Normal Distribution;
Binomial Distribution;
Possion Distribution;
...

And the generalized linear model would be like:

\[\mathbb{E}(\mathbf{y}|\mathbf{X}) = \mathbf{\mu} = g^{-1}(\mathbf{X\beta}),\]

where \(\mathbb{E}(\mathbf{y}|\mathbf{X})\) is the expected value of \(\mathbf{y}\) conditional on \(\mathbf{X}\); \(g\) is the link function; \(\beta\) is the model parameters. Let's take the logistic regression as an example, where:

\[\mathbb{E}(y) = \mathbb{P}(y=1) = p,\quad g^{-1}(z) = \frac{1}{1+\exp(-z)}.\]

Core C++ for GLM#

The first step is to write an API, which is the same as Develop New Features: Write an API.

Then, to implemented algorithms on GLM, you need to focus on src/AlgorithmGLM.h, where we have implemented a base model called _abessGLM and the new algorithm should inherit it.

template <class T4>
class abess_new_GLM_algorithm : public _abessGLM<{T1}, {T2}, {T3}, T4>  // T1, T2, T3 are the same as above, which are fixed.
{
public:
    // constructor and destructor
    abess_new_GLM_algorithm(...) : _abessGLM<...>::_abessGLM(...){};
    ~abess_new_GLM_algorithm(){};

    Eigen::MatrixXd gradian_core(...) {
        // the gradian matrix can be expressed as G = X^T * A,
        // returns the gradian core A
    };
    Eigen::VectorXd hessian_core(...) {
        // the hessian matrix can be expressed as H = X^T * D * X,
        // returns the (diagnal values of) diagnal matrix D.
    };
    {T1} inv_link_function(...) {
        // returns inverse link function g^{-1}(X, beta),
        // i.e. the predicted y
    };
    {T1} log_probability(...) {
        // returns log P(y | X, beta)
    };
    bool null_model(...) {
        // returns a null model,
        // i.e. given only y, fit an intercept
    };
}

Compared with the general implement, it do not require touching the core of abess, but only use the knowledge of model itself.

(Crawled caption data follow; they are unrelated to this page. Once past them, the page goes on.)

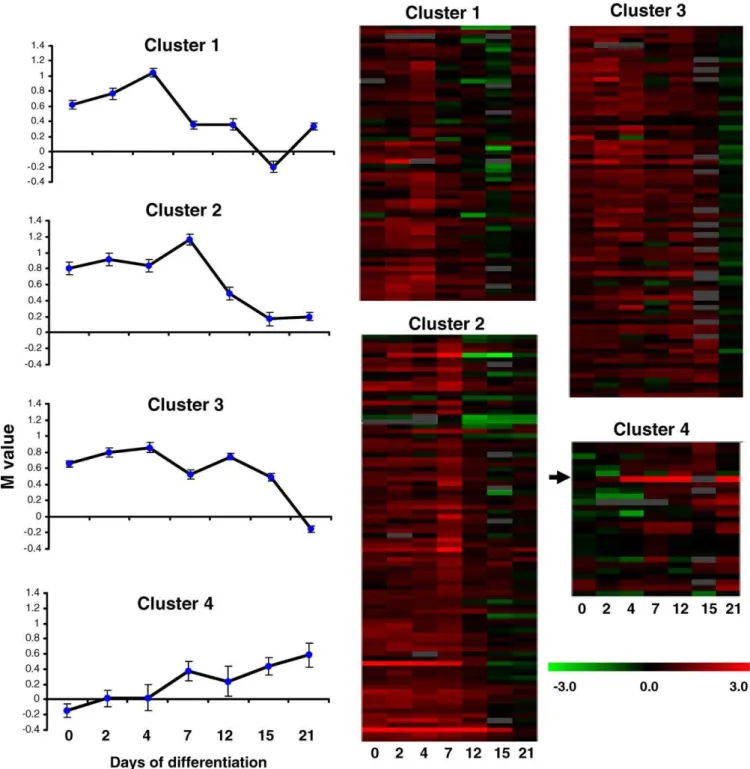 Figure 5. Genes Are Silenced at Widely Differing Times during Differentiation of Female ES Cells
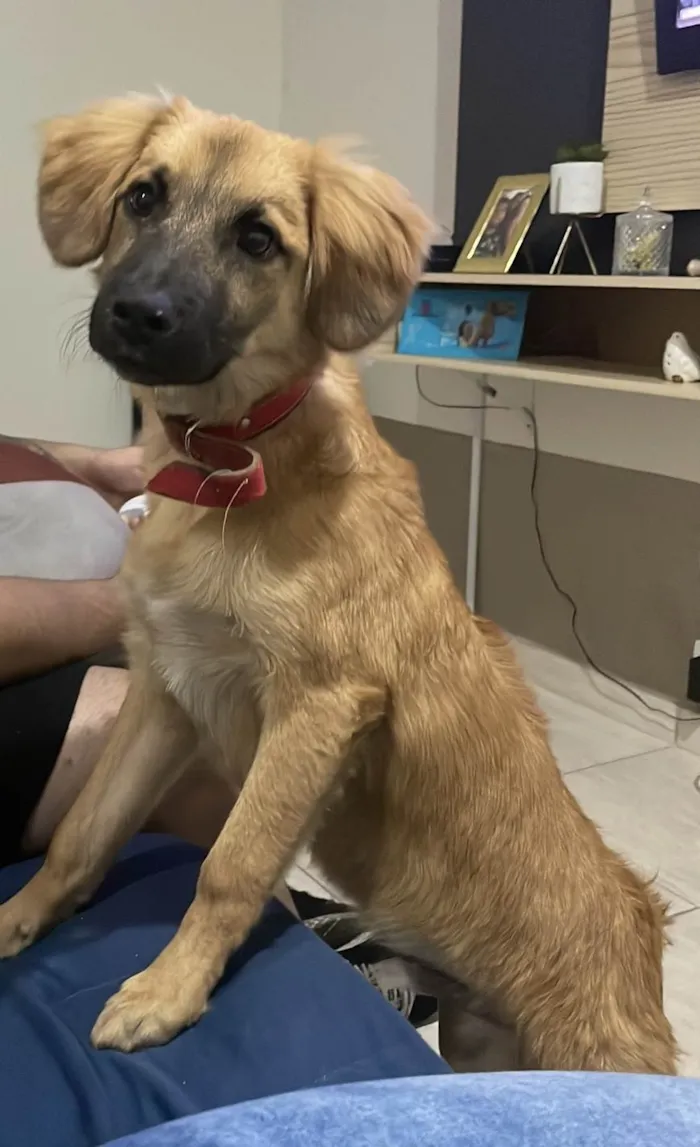 Cachorro ra a SRD-ViraLata idade 1 ano nome Duke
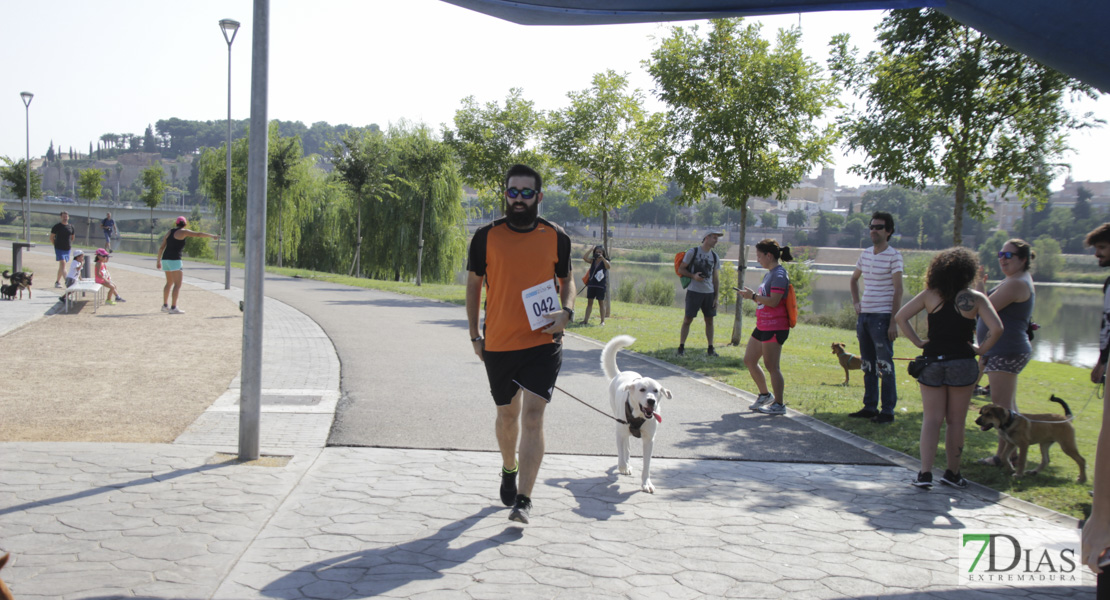 Imágenes de la Corredog 2018 II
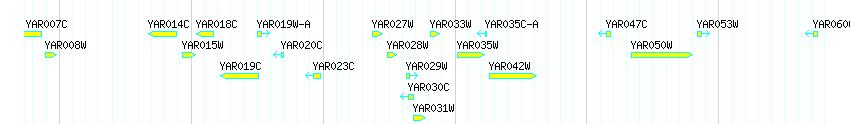 Genes detail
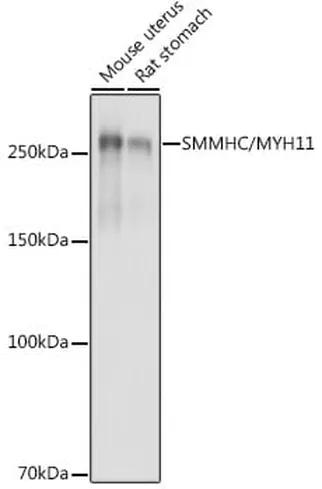 Antibodie to-MYH11 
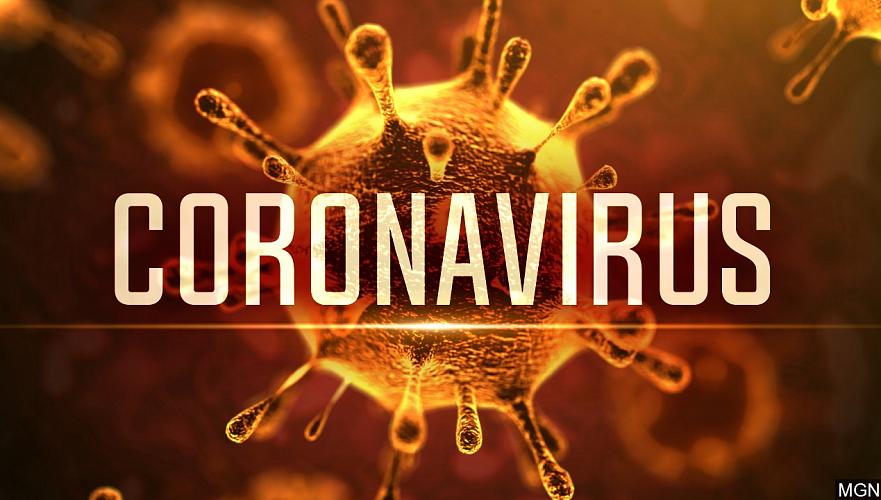 WHO has not confirmed mutation of Chinese coronavirus and called its incubation period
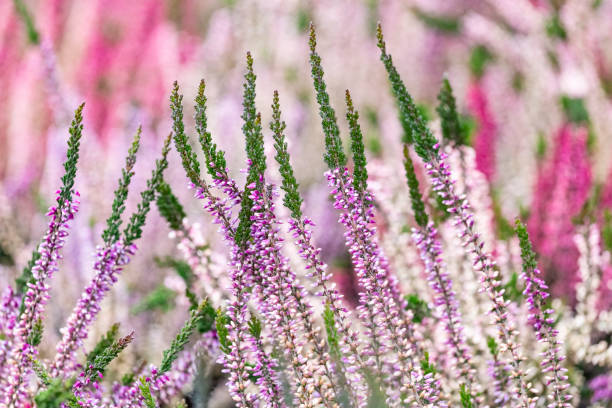 primer plano del brezo en flor en invierno calluna vulgaris brezo común, maruca o simplemente brezo. flores rosas, blancas, magenta, lilas. hermoso brezo arbustivo de hoja perenne en el norte de europa - rose pink bright simply fotografías e imágenes de stock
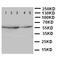 Iduronate 2-Sulfatase antibody, LS-C313053, Lifespan Biosciences, Western Blot image 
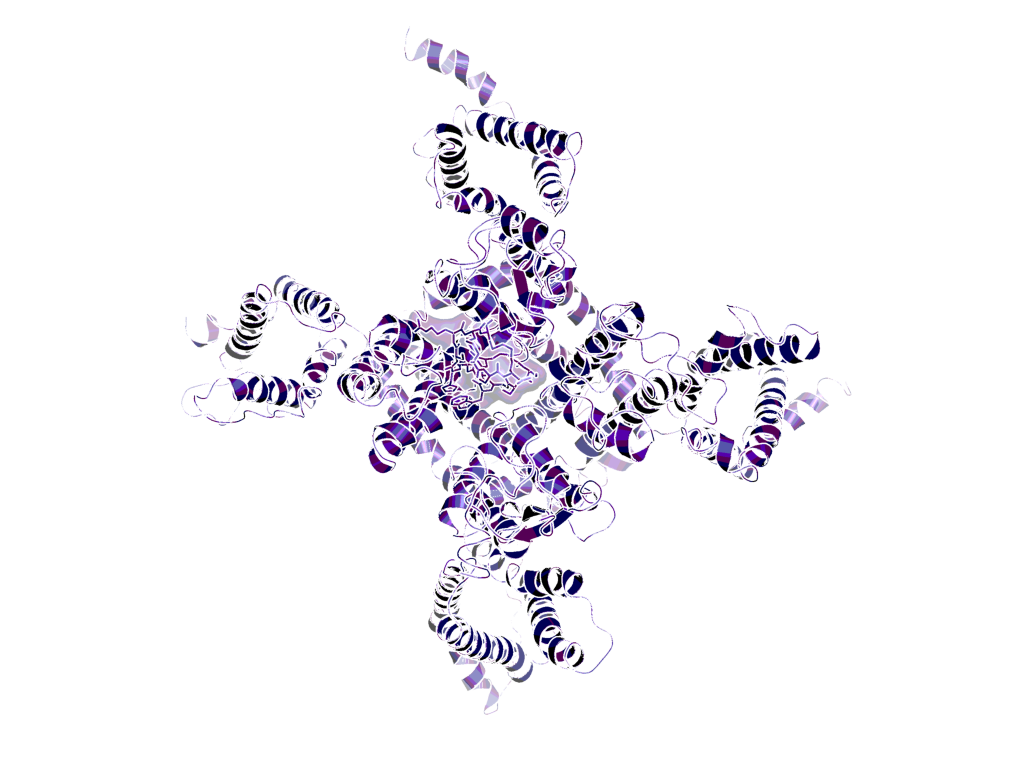 Cryo-EM structure of Nav1.2 in complex with cynotoxin KIIIA(X. Oan et al.).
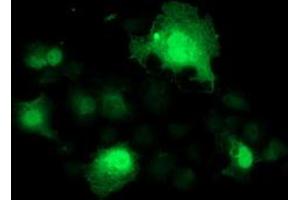 Anti-SMS mouse monoclonal antibody (ABIN2454718) immunofluorescent staining of COS7 cells transiently transfected by pCMV6-ENTRY SMS (RC200619). (SMS Antikörper)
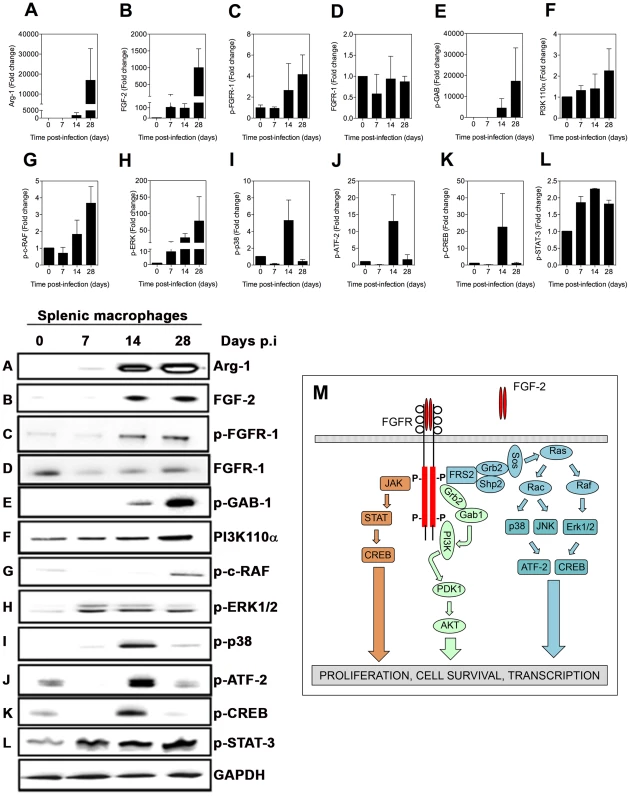 Activation of signaling proteins in the FGFR canonical pathway in splenic macrophages from hamsters with VL.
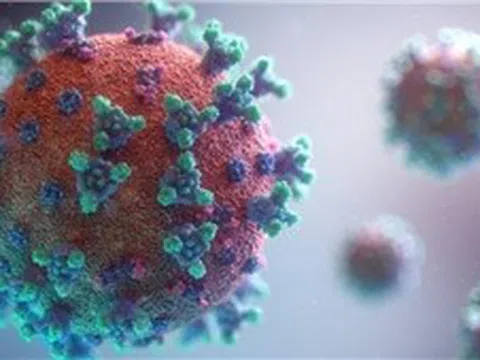 Kịp thời cứu chữa hai bé trai nguy kịch do chủng virus EV71 gây ra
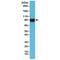 Hyaluronate receptor antibody, M00052-2, Boster Biological Technology, Western Blot image 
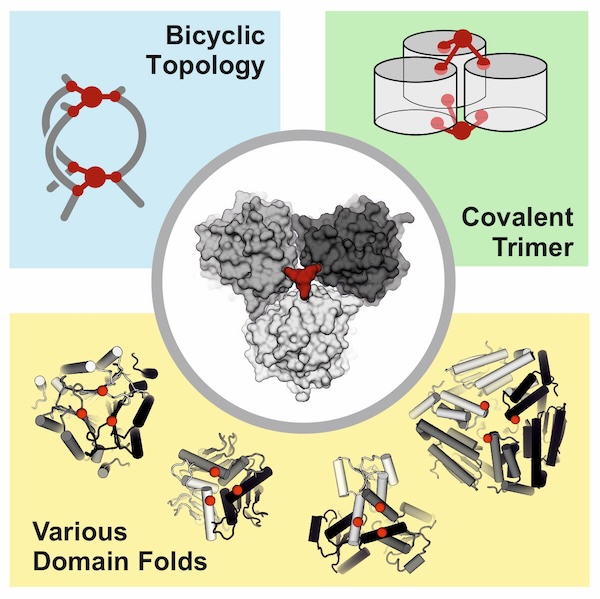 Tom Grossmann (@tomngrossmann) on Twitter photo In the current issue of <a href="/Chem_CP/">Chem</a>:
#INCYPRO stabilized protein complexes with
• exceptional longevity
• new chain topology
• reduced aggregation
doi.org/10.1016/j.chem…
Big congrats to the <a href="/VU_Science/">VU Faculteit der Bètawetenschappen</a> & #incircular #startup teams! Supported by <a href="/ERC_Research/">European Research Council (ERC)</a> & <a href="/EUeic/">European Innovation Council</a>! In the current issue of <a href="/Chem_CP/">Chem</a>:
#INCYPRO stabilized protein complexes with
• exceptional longevity
• new chain topology
• reduced aggregation
doi.org/10.1016/j.chem…
Big congrats to the <a href="/VU_Science/">VU Faculteit der Bètawetenschappen</a> & #incircular #startup teams! Supported by <a href="/ERC_Research/">European Research Council (ERC)</a> & <a href="/EUeic/">European Innovation Council</a>!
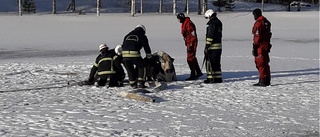 Ko gick igenom isen – räddades av räddningstjänsten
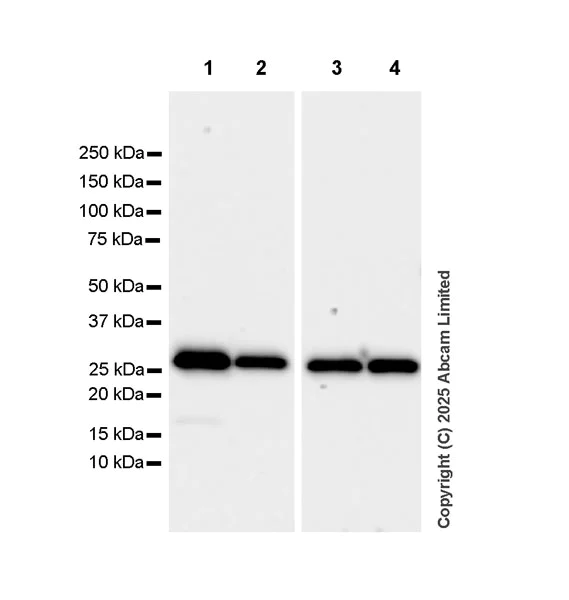 Western blot - Anti-VAPB antibody [EPR27026-59] (AB324047)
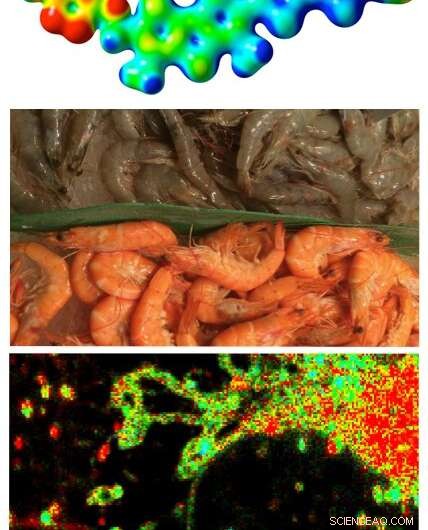 Scientists Create First‑Ever Probes to Visualize Physical Forces Inside Living Cells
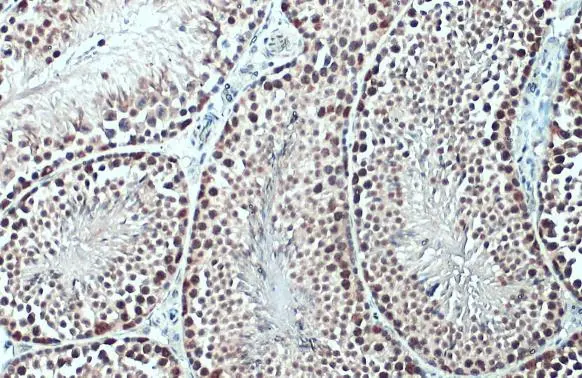 TET1 antibody [N1], N-term detects TET1 protein at nucleus by immunohistochemical analysis. Sample: Paraffin-embedded mouse testis. TET1 stained by TET1 antibody [N1], N-term (GTX125888) diluted at 1:500. Antigen Retrieval: Citrate buffer, pH 6.0, 15 min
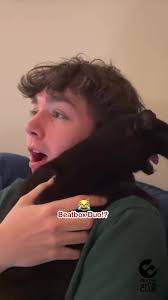 😹Beatbox Duo⁉️ Shout out to @🎶Carter Bryan 🎶 #beatboxduo #beatbox #cat  #beatboxing #dailyinspiration #rhythmmasterclub #rhythmmasters #ollieheath  #viral #fyp #shorts #dowhatyoulove #musicislife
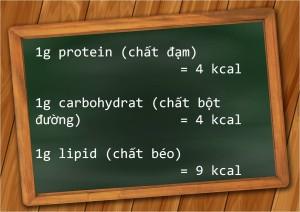 1g protein cung cấp bao nhiêu calo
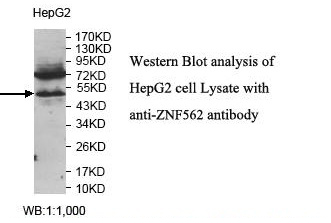 ZNF562 Antibody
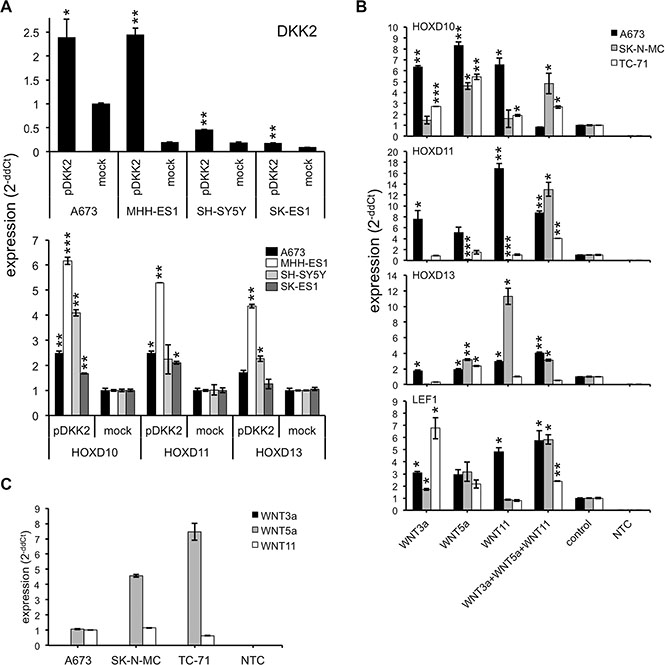 DKK2 increases HOXD gene expression through WNT signaling pathway.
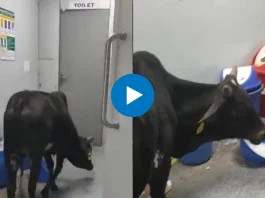 Viral Video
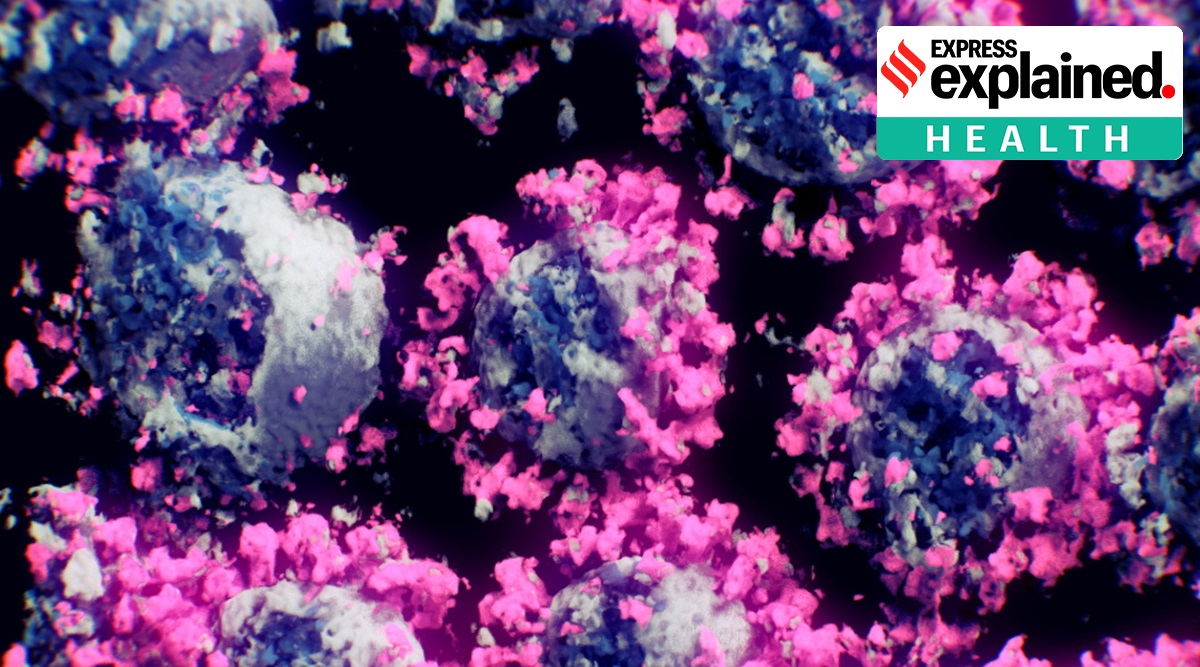 coronavirus, coronavirus variants, virus variant US, coronavirus new variant, coronavirus us variant, what is us coronavirus variant, sars cov 2 virus mutation, virus mutation US, sars-cov-2 virus, sars-cov-2 virus, sars-cov-2 new variant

Let's still discuss the logistic model and consider we hope to maximize log-likelihood: [code link]

\[\begin{split}l &= \frac{1}{2}\log\prod_i \mathbb{P}(y_i|X_i, \beta)\\ &= \frac{1}{2}\sum_i \left[y_i\log(\hat{y_i}) + (1-y_i)\log(1-\hat{y_i})\right]\\ &= -\frac{1}{2}\sum_i \left[y_i\log(1-e^{-X_i^T\beta}) + (1-y_i)\log(1-e^{X_i^T\beta})\right],\end{split}\]

From this formula, we can get the inv_link_function and log_probability. And we continue on its derivatives on \(\beta\):

\[\begin{split}\frac{\partial l}{\partial \beta} &= \sum_i X_i y_i(1-y_i),\\ \frac{\partial^2 l}{\partial \beta^2} &= \sum_i X_iX_i^T y_i(1-y_i)\end{split}\]

From this formula, we can get the gradian_core and hessian_core. Finally, the null_model should be:

\[\mathbb{E}(y) = g^{-1}(C),\quad i.e.\quad C = g(\overline{y}),\]

where \(\overline{y}\) is the mean of \(y\).

Now your new method has been connected to the whole frame. You can continue on the following steps like Develop New Features: R & Python Package.